Excellent work @RubenImhoff !! I think we are very close to merging: tests are passing and the coverage delta is positive. Probably we can just ignore the remaining issues from codacy, I'll have a look.

Let give this a final look and see if everything is ready.

RubenImhoff commented 2 years ago

Can I ask you to have a final look on the prob matching and masking implementation? Or did you already do that?

dnerini commented 2 years ago

@RubenImhoff can you briefly explain how you're dealing with the external dependencies for the nwp importers? I assume we still need them for the examples and the tests?

RubenImhoff commented 2 years ago

can you briefly explain how you're dealing with the external dependencies for the nwp importers? I assume we still need them for the examples and the tests?
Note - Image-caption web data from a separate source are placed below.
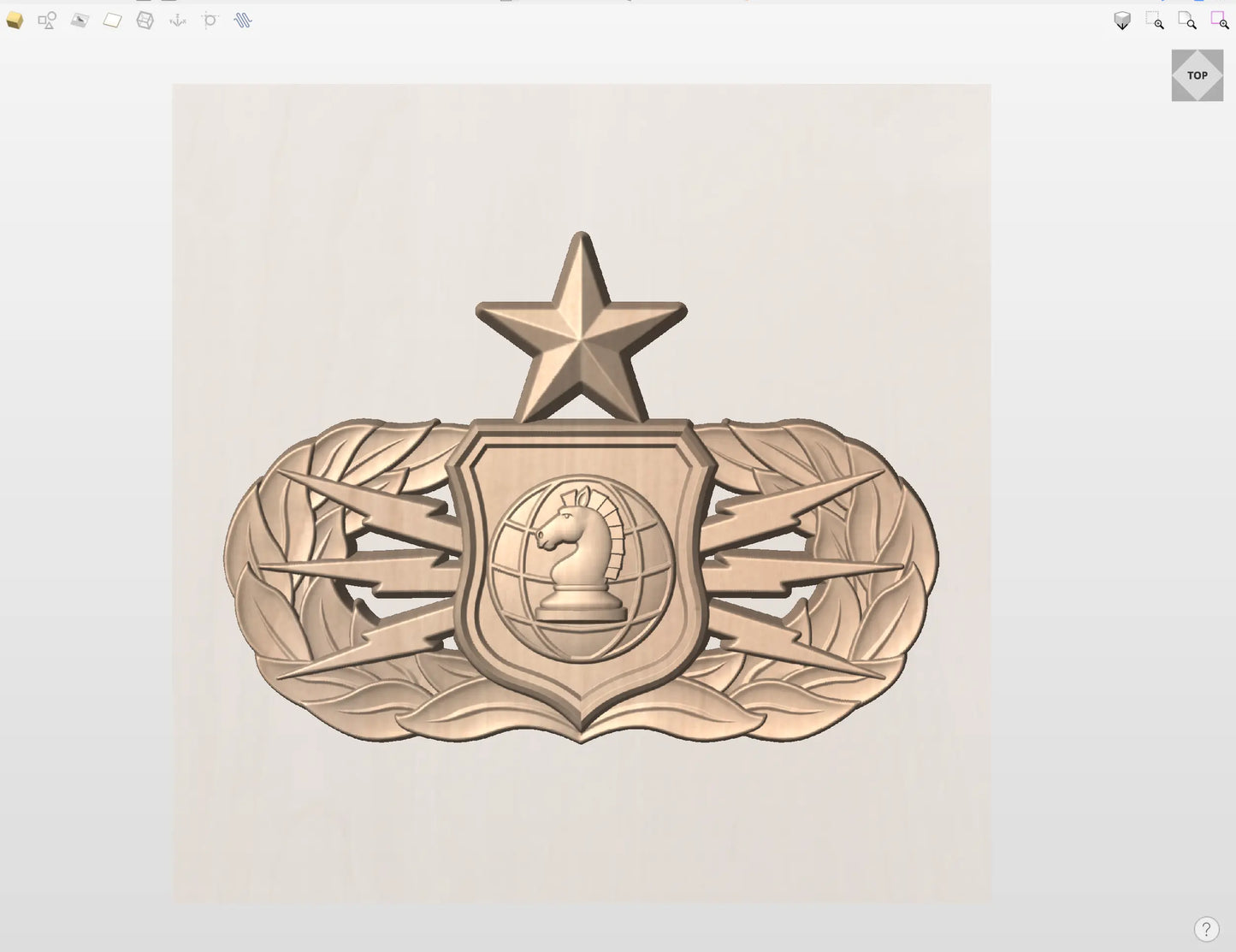 CNC File I US Air Force Senior Information Operations Badge 3D Model I RathTech Design My Store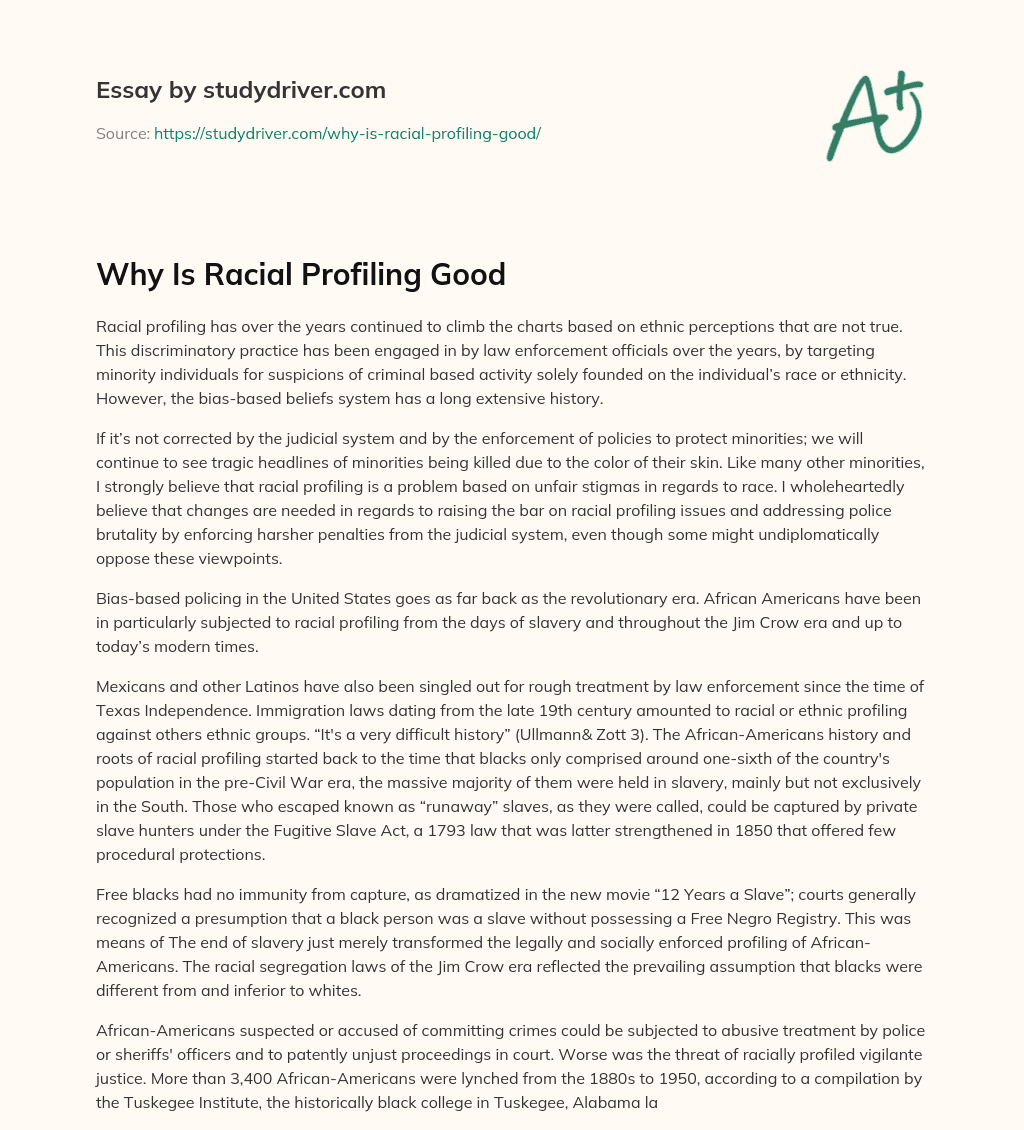 Why is Racial Profiling Good essay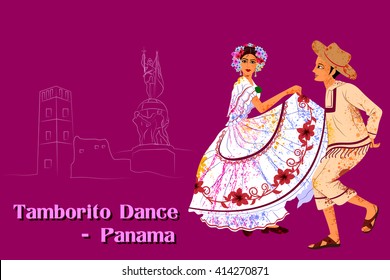 Vector design of Couple performing Tamborito dance of Panama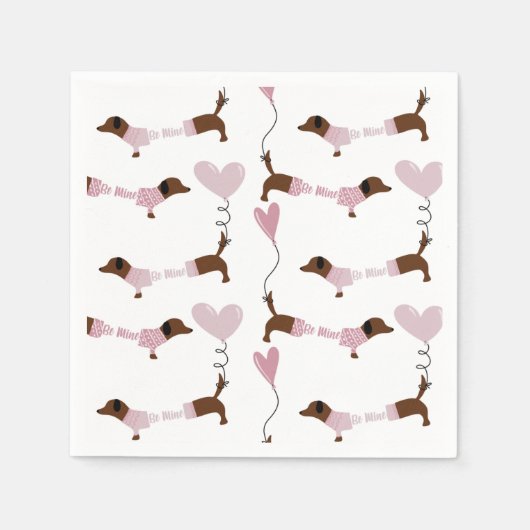 Cute Dachshund Wiener Dog be Mine Valentijns Servet (Voorkant)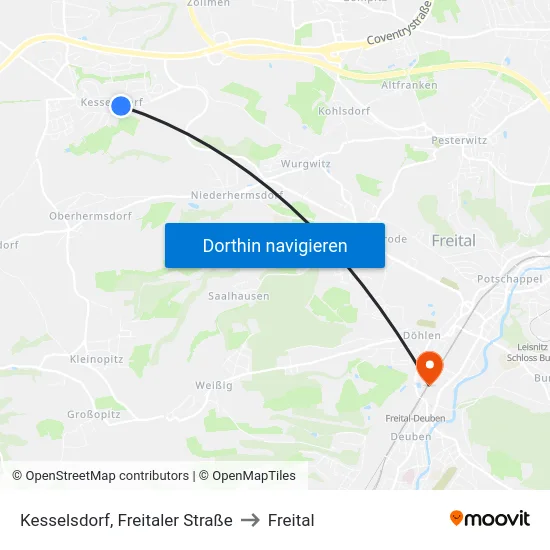 Kesselsdorf, Freitaler Straße to Freital map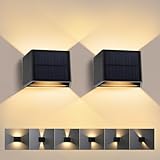 T-SUN 2 Stücke LED Wandleuchten für Außen, 3000K Warmweiß Solar...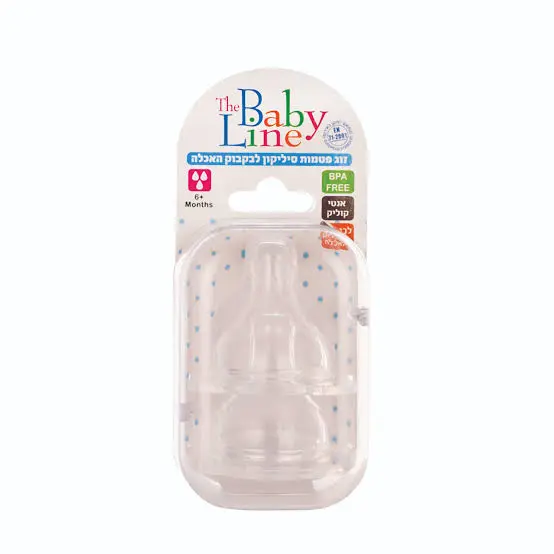 פטמות סיליקון לבקבוק האכלה Baby Line 6+ חודשים – סך הכל 2 יחידות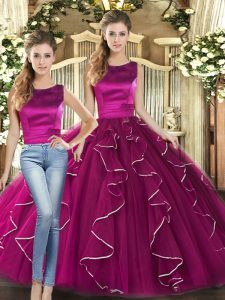 Designer Sleeveless Tulle Floor Length Lace Up Vestidos de Quinceanera in Fuchsia with Ruffles
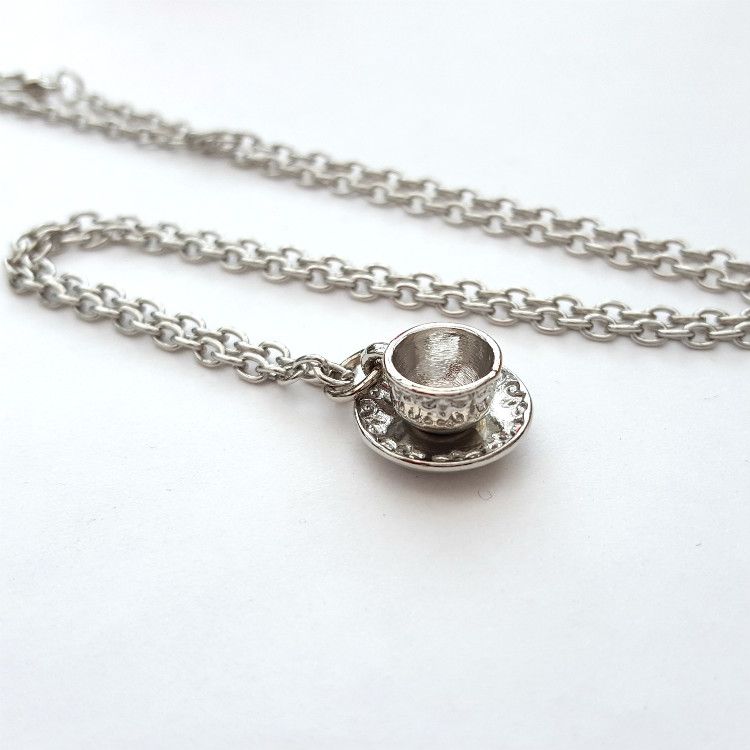 Silver teacup necklace VN118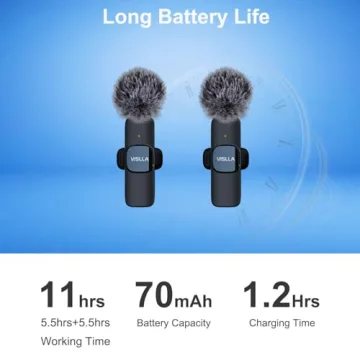 Vislla Mini Wireless Lavalier Mic - Noise Cancelling & Battery
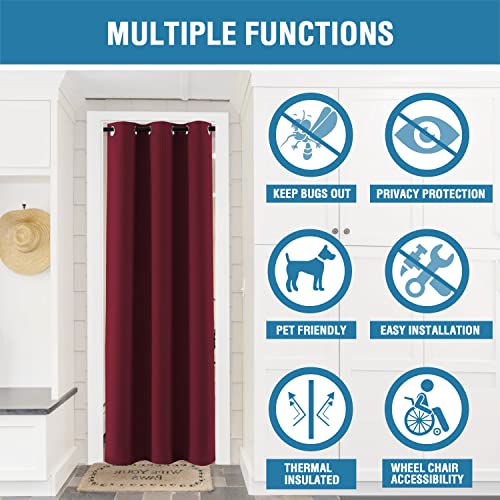 Christmas Doorway Curtain Blackout Door Curtain Room Divider Window Treatment Curtain for Bedroom Thermal Insulated Privacy Drape Soundproof Grommet (42"W x 80"L (Pack of 1) / Burgundy Red)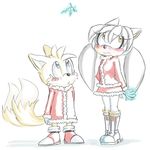  2_tails anthro bluechika canine christmas crossgender duo female fox holidays holly_(plant) male mammal miles_prower multiple_tails plant sega silver_the_hedgehog sonic_(series) 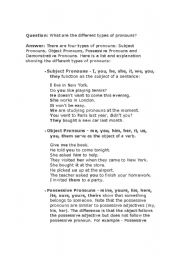English worksheet: possesives and personal pronouns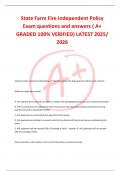 State Farm Fire Independent Policy Exam questions and answers &lpar; A&plus; GRADED 100&percnt; VERIFIED&rpar; LATEST 2025&sol; 2026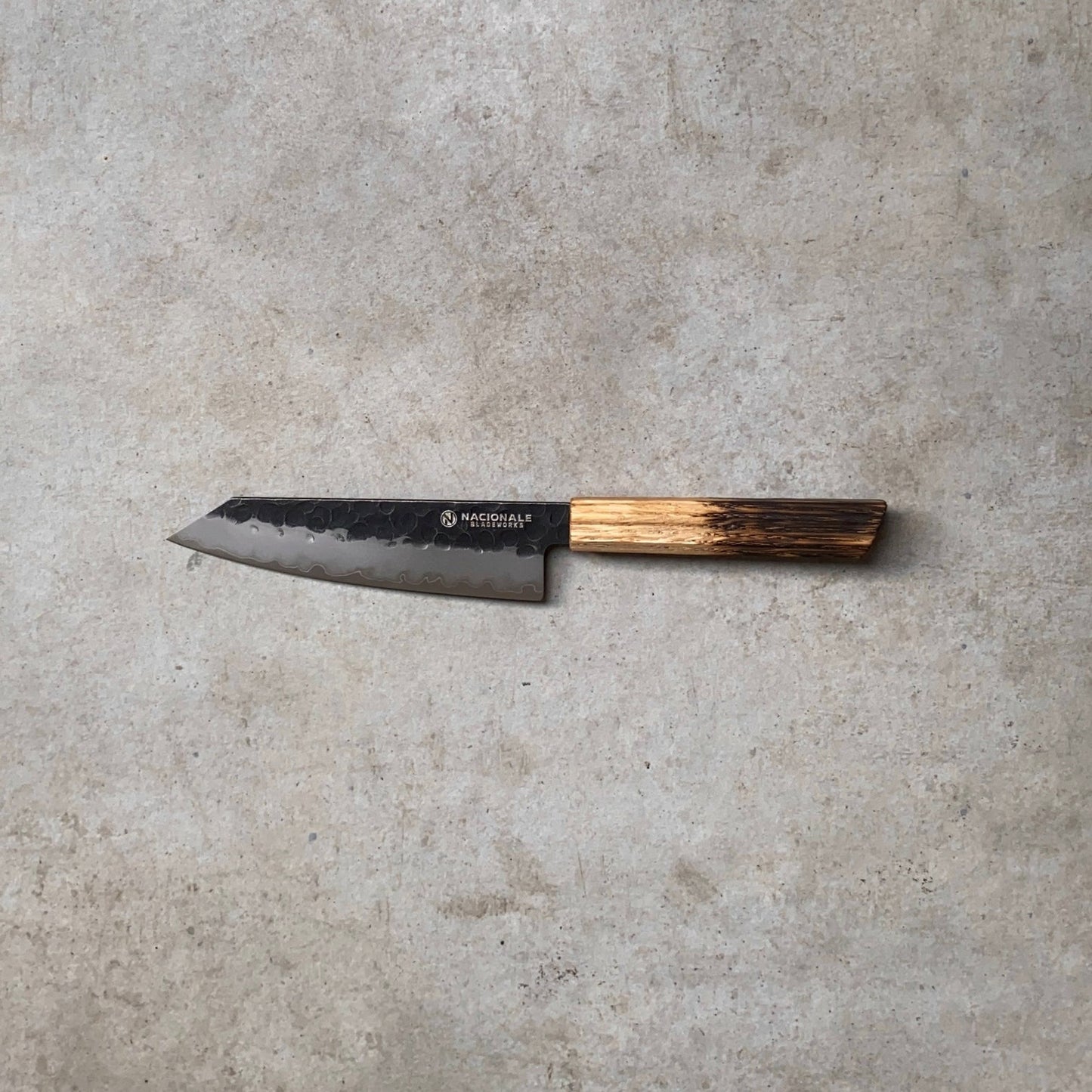 145mm K-tip Petty. Hammered San Mai 440C Stainless. Burnt Oak Handle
We don't need them anymore for the tests, luckily. I hard coded some metadata and made dummy data instead of importing the NWP data. The examples is a good point that I forgot to mention. For the blended_forecast (I believe that is the only one - I'll check), it still depends on the NWP importers. Since we are moving the examples to a separata repo (right?), we should think about how to incorporate that.

dnerini commented 2 years ago

can you briefly explain how you're dealing with the external dependencies for the nwp importers? I assume we still need them for the examples and the tests?

We don't need them anymore for the tests, luckily. I hard coded some metadata and made dummy data instead of importing the NWP data. The examples is a good point that I forgot to mention. For the blended_forecast (I believe that is the only one - I'll check), it still depends on the NWP importers. Since we are moving the examples to a separata repo (right?), we should think about how to incorporate that.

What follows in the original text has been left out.